Oct 14th, 2009 by Andrew Kerr | 0


You know how the most beautiful music is almost always sad?  I feel like that’s because life is sad, sad in a beautiful kind of way because it tries so hard, we try so hard.  There’s happiness, yes. It appears suddenly in our lives, like a gift – it is a gift – but we cannot keep it because we cannot keep anything, right?  So even happiness feels sad because the happiness ends.   I always wanted to go sailing with my father-in-law, but now he is dying, and it just won’t happen.  The fecundity of life, the constant motion and creative energy of life, guarantees tragedy.  And that’s where forgiveness gets really practical.  On the self-help shelves of bookstores, you’ll see a lot of books about finding happiness.  But the old religions know life better.  The sadness of life isn’t reduced by happiness, only delightfully ignored.  We shouldn’t try to reduce the sadness of life; we should instead infuse that sadness with meaning to make it beautiful.  The real daily life skill is forgiveness, forgiving life for the suffering, life in guise of our loved ones, our neighbor, whoever and whatever hurts us.


When I was twenty, suffering from chronic depression and probably full of buried anger over childhood things, I read something from Nietzsche that just lit me up.  He was distinguishing the strong from the weak – these are his terms – and he was saying that while the weak hold onto their hurts and failures and thus become resentful and deceitful, the strong – those who are confident and purposeful and courageous – the strong by contrast, “just forget.”  I felt liberated, back then at age 20, because I got the message that I am an independent person and I can choose how I feel.

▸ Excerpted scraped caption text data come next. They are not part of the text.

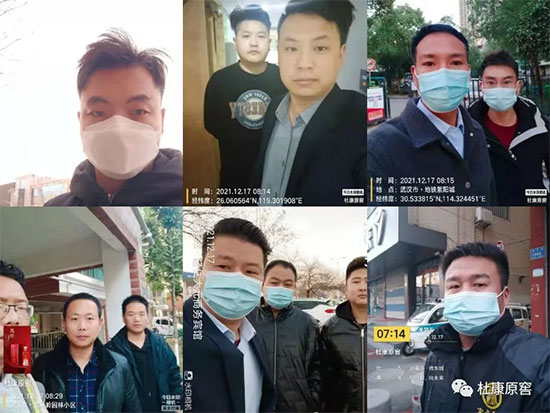 Ј`֪ѽģ`̴õķ(w)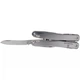 Мультитул Victorinox Swisstool Spirit X 105мм,26функ+чорн.нейлон.чохол - зображення 4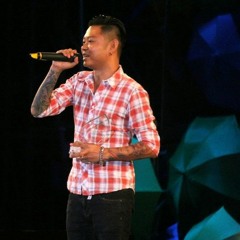 သရဖီ့ အတြက္ - ေဝလ (Tha Ri Phi A Twet - Wai La)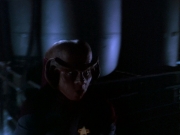 extant_StarTrek_DS9_5x24-EmpokNor_01480.jpg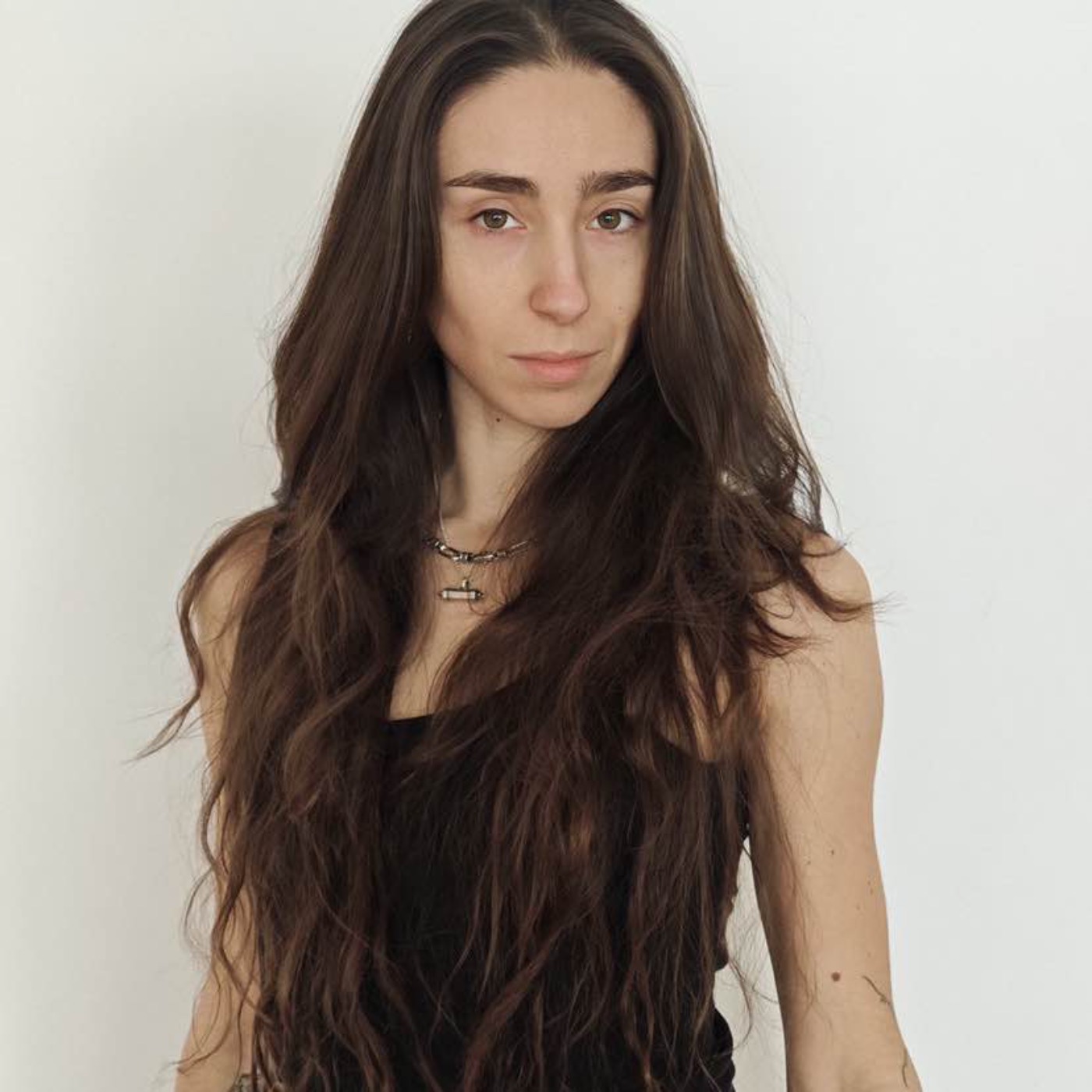 MEGGIE ISABET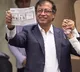 Colombian Prez-elect confirms renowned economist as Finance Minister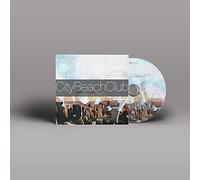 Various / Dj Ping - City Beach Club 7 [Import]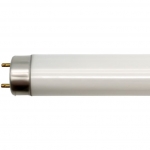 LT8 10W BL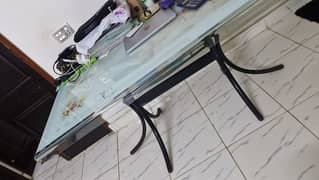 Dining/Study Table[Table Ony] 0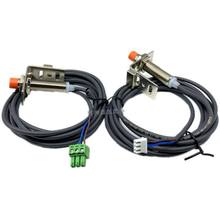 �ƄӼ��L�x̫��޽ӽ��_�P�������A�Cِ������|Ӌ�����B�Ӿ����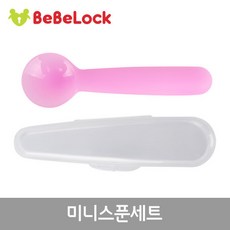ad13c3f496472ce9acc07f1716c40ca6ca48c7277dcd6e892e1404a9e2df.jpg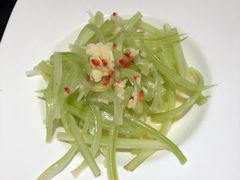 -高第街56号餐厅(凯德mall新都心店)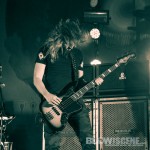Mastodon-band-063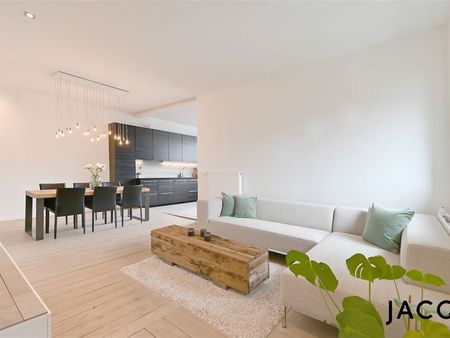 appartement à vendre à antwerpen € 349.000 (ktf5x) - jacq. real estate | zimmo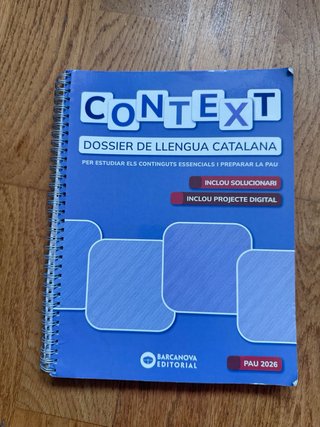 Pack libros 2º Bachillerato Social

But, well, then I fell in love with Chara the beautiful crazy Greek girl, dated other women, fell in love with Jen, got married, had kids, started earning money to pay for the family rather than just for me, and by age 30 Nietzsche’s line didn’t resonate.  It didn’t resonate because, frankly, it isn’t true.  The strong don’t forget, because no one is independent.  We are interdependent, not independent; there’s nothing like a few years of family life with small kids to teach this lesson!  And because we are interdependent, we quite frankly don’t completely choose how we feel; other people, loved ones, influence our emotions tremendously.   That’s what interdependence means; it means that other people choose your emotions to some extent.  We ask for this vulnerability, this emotional openness to others, in our love.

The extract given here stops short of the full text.